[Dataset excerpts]
◆ ◆ ◆

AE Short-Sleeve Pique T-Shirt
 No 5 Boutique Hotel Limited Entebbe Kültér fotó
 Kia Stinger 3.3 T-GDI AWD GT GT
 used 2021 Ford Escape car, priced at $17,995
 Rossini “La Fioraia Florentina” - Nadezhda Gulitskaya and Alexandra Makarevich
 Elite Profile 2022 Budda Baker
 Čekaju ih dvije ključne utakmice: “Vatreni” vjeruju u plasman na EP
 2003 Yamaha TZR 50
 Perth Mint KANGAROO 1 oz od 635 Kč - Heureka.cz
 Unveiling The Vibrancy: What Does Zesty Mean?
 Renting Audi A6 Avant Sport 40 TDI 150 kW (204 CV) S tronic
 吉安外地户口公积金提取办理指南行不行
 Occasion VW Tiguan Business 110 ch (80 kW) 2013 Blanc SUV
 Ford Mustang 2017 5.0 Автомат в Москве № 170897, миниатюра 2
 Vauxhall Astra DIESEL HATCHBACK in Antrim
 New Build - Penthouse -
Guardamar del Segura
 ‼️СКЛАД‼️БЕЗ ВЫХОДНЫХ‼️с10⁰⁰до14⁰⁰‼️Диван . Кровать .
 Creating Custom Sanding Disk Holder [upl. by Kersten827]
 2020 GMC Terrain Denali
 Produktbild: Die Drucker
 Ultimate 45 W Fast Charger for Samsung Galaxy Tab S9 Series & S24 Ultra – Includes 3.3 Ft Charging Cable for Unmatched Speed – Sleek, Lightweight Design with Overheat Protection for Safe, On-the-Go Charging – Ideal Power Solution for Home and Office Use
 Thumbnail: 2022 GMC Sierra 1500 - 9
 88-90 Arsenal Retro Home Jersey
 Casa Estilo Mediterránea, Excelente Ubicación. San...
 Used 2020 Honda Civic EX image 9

◆ ◆ ◆

◆ **WHAT TO DO**:
For each line in the records that holds "Home", show that line as it stands.

◆ **ANSWER FOR THIS EXERCISE**:
 Ultimate 45 W Fast Charger for Samsung Galaxy Tab S9 Series & S24 Ultra – Includes 3.3 Ft Charging Cable for Unmatched Speed – Sleek, Lightweight Design with Overheat Protection for Safe, On-the-Go Charging – Ideal Power Solution for Home and Office Use
 88-90 Arsenal Retro Home Jersey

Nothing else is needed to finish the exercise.